▸ Activity
With pictures left out, output exactly the lines of the listing below from the line that has "Advanced Post-Processing Techniques" to the line that has "Edelstahlregal Anbauregal WR, 2.500×1.000×500", both lines kept.

▸ Data for analysis
____

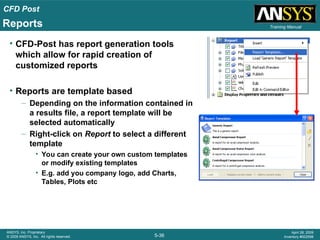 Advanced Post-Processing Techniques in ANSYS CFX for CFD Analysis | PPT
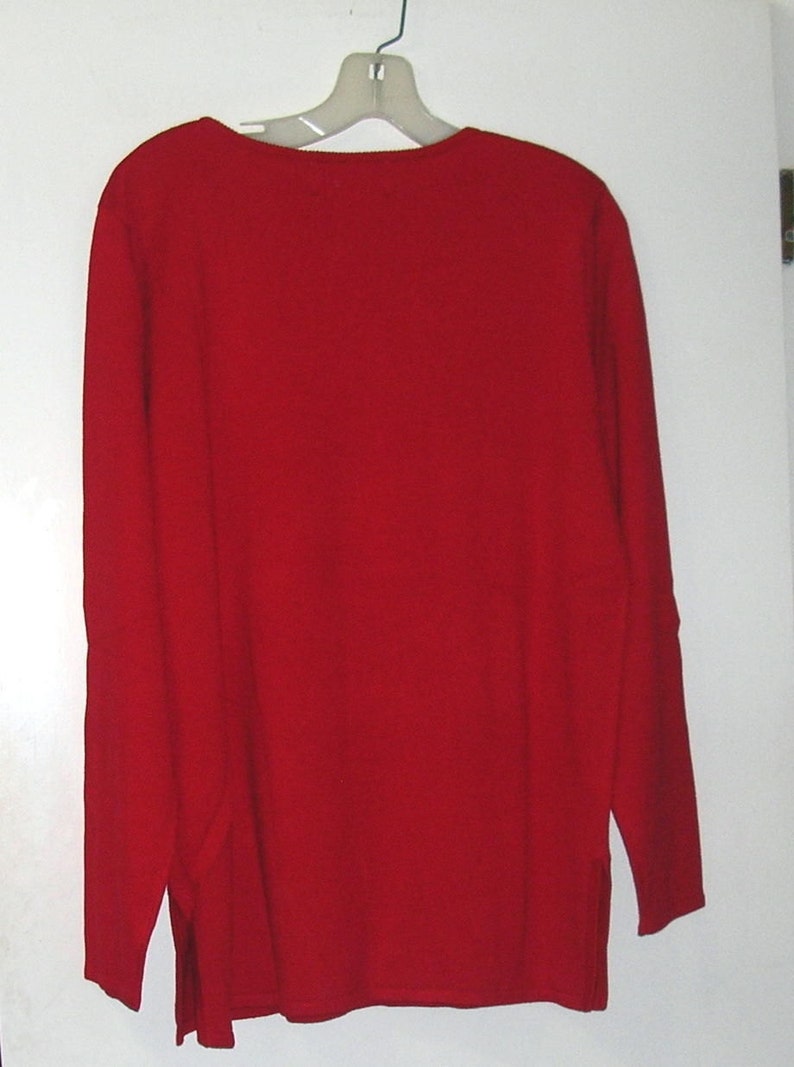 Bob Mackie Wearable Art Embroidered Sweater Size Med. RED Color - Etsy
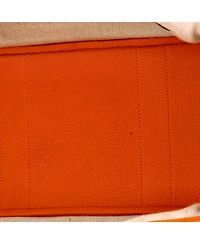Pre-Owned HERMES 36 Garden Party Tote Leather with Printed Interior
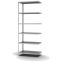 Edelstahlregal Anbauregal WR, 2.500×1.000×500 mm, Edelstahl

____

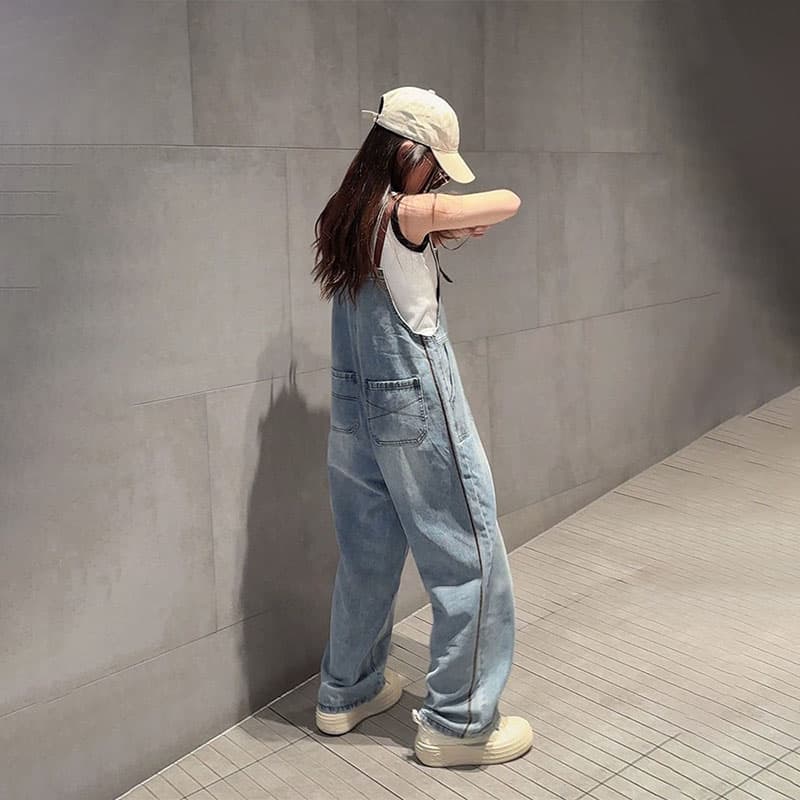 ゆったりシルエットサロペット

____

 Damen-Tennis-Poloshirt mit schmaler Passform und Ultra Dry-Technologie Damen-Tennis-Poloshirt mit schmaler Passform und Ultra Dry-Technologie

____

▸ Task result
 Advanced Post-Processing Techniques in ANSYS CFX for CFD Analysis | PPT
 Bob Mackie Wearable Art Embroidered Sweater Size Med. RED Color - Etsy
Pre-Owned HERMES 36 Garden Party Tote Leather with Printed Interior
 Edelstahlregal Anbauregal WR, 2.500×1.000×500 mm, Edelstahl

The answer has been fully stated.